Omega-3 fats or the essential fatty acids generally found in oily fish known to reduce heart disease and stroke can only be attained via including oily fish as a part of a balanced diet for all. Omega-3 supplements are available to maintain the average daily recommended amount of 1000 mg however there are conflicting research results available proving the benefits ion the same.
The proper intake of Omega-3 supplements like fish oil can decrease insulin resistance in people diagnosed with diabetes. Apart from this, fish oil supplements can also help in lowering triglyceride levels in people with Type 2 diabetes.
Constitution of a human body and the functionality of various organs including the heart is very complex and it perhaps is impossible to measure the effect of plant-based Omega-3 food and Omega-3 supplements towards its wellbeing. The fact remains that a healthy lifestyle with a healthy diet including oily fish might just be the answer although with caveats.
6. Drink plenty of water:
We all know that almost 70% of the human body is made of water. We all know that we are supposed to drink water regularly during the day. We all know that an appropriate amount of water is very crucial in maintaining a healthy and agile body. But, we don’t do it or rather forget to do it. Water requirement depends on age, body size, health conditions etc. The sensation of thirst reduces in midlife and staying hydrated may not seem like an easy task. If you want to feel more energetic, improve your mood and happiness, avoid headaches, keep our skin healthy and radiating, reduce weight and improve digestion then reduce the consumption of alcohol, sweetened beverages (soda, energy drink/ sports drink, flavoured milk) and caffeine. Just get on with the plain old, zero calories water.

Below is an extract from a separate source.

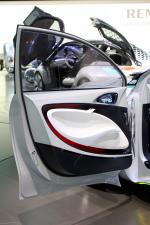 Renault Fluence Z.E. Concept 2009 года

Just in case if you are struggling to keep a tab, have a look at the smart water bottles on Amazon to make it easier.
7. Physical activity:
Once again, We know that a well-balanced nutritious diet and regular exercise regime are good for maintaining overall health during midlife. Yet, we all have assigned higher priorities to everything else but not to the thoughts as above. Regular physical activities improve health and make us more flexible, agile and boost immunity.
There are benefits to going for a walk, gardening, catching up with our buddies at Badminton, tennis, Swimming, discussing new fashion trends after aerobics, Yoga, albeit not are all health-related but you get the point!.
The risk of heart disease, arthritis, obesity, diabetes, depression and other illnesses can potentially be mitigated if moderate levels of cardiovascular, strength training and meditation or a slow form of exercise can be included as a regular part of your weekly routine.
It is not, needless to say, take a suggestion and advise from a medical professional before starting anything if you are already suffering from any ailment that requires care and concern. Once clear and ready, the most important part is not to rush, start at a slower pace. Take time to warm up and don’t forget to hydrate yourself by drinking lots of water and fresh fruit juices.
Eat right, keep moving – stay healthy and stay fit.